PROBLEM:
Exclude images; transcribe the rest of the data exactly.

RECORDS SHOWN:
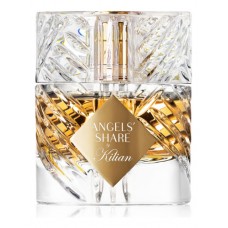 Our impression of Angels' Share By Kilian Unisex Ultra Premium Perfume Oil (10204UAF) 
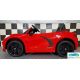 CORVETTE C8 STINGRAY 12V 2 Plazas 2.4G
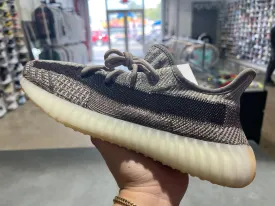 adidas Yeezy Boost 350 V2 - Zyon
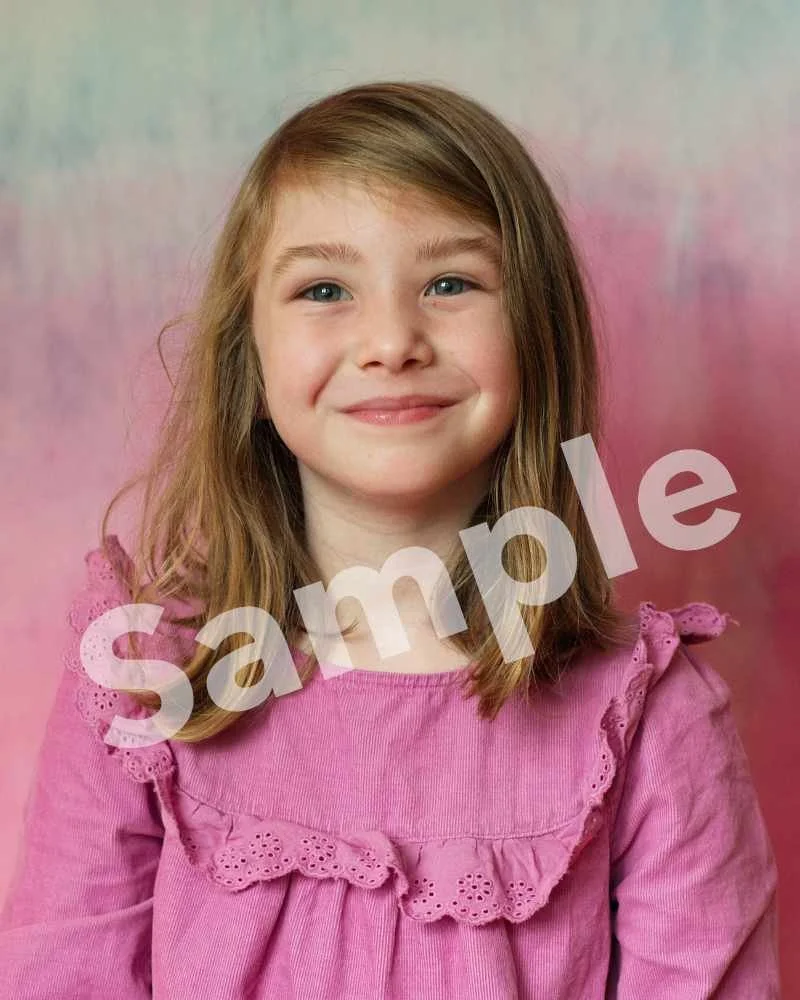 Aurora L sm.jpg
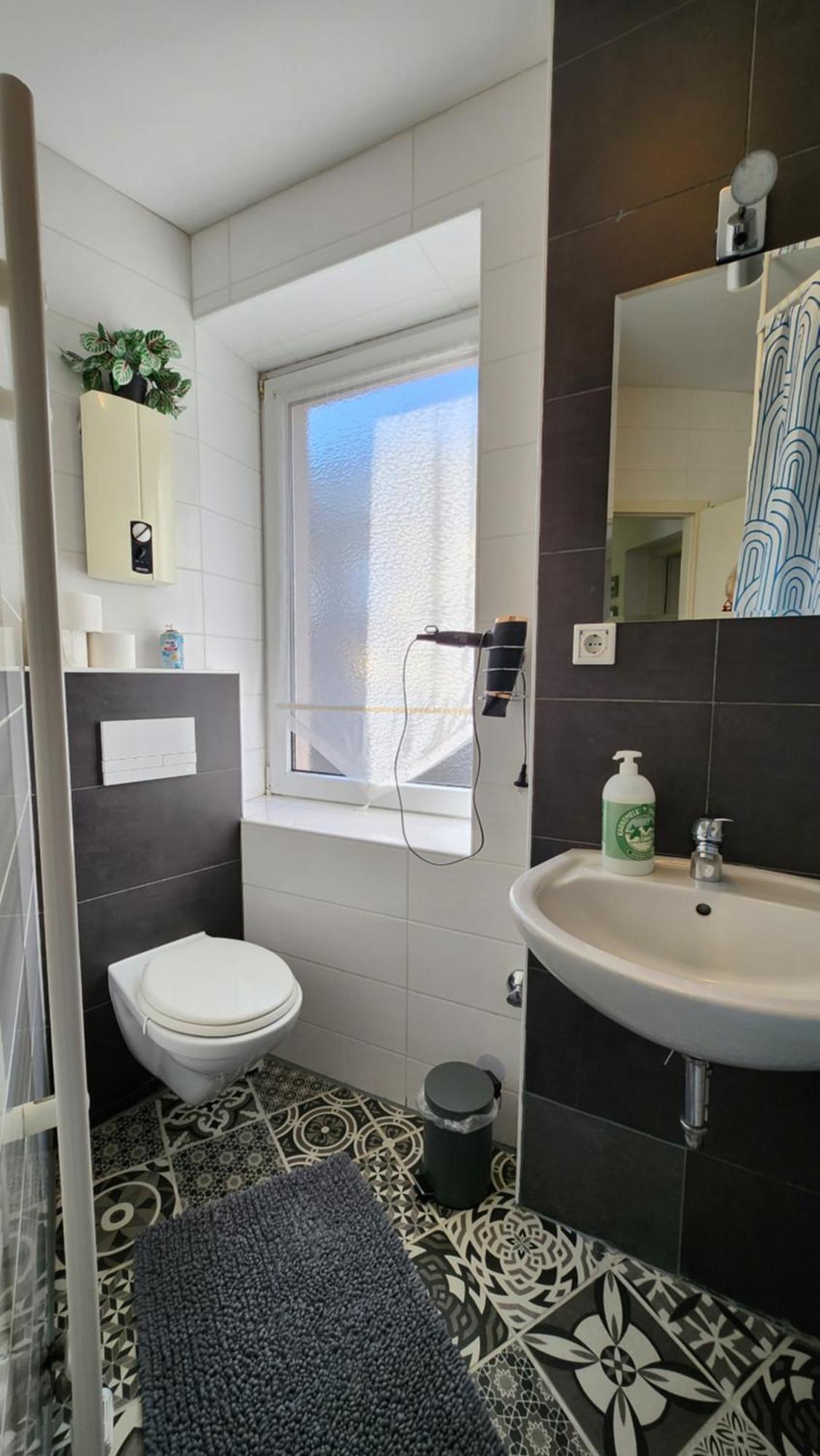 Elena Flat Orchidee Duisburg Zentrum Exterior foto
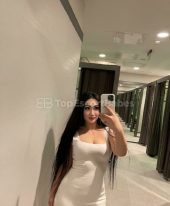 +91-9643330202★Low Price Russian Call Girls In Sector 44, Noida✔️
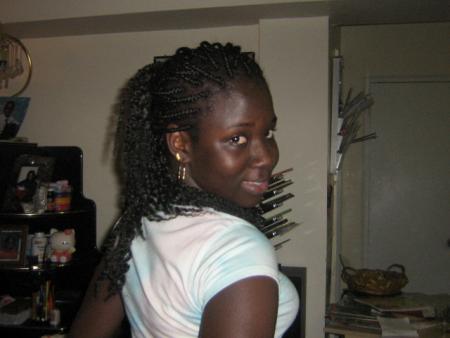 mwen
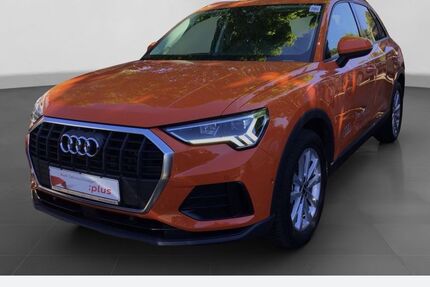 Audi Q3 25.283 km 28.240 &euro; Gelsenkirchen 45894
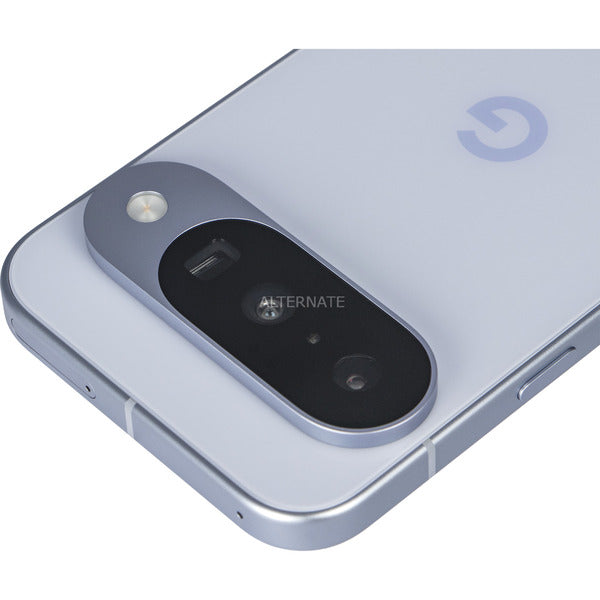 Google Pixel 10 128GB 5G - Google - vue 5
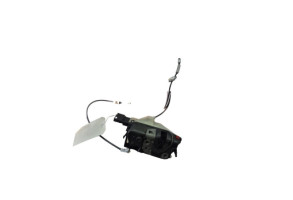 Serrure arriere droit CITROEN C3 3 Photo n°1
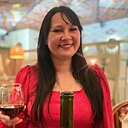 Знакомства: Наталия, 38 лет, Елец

ANSWER SECTION:
 Our impression of Angels' Share By Kilian Unisex Ultra Premium Perfume Oil (10204UAF) 
 CORVETTE C8 STINGRAY 12V 2 Plazas 2.4G
 adidas Yeezy Boost 350 V2 - Zyon
 Aurora L sm.jpg
 Elena Flat Orchidee Duisburg Zentrum Exterior foto
 +91-9643330202★Low Price Russian Call Girls In Sector 44, Noida✔️
 mwen
 Audi Q3 25.283 km 28.240 &euro; Gelsenkirchen 45894
 Google Pixel 10 128GB 5G - Google - vue 5
 Serrure arriere droit CITROEN C3 3 Photo n°1
 Знакомства: Наталия, 38 лет, Елец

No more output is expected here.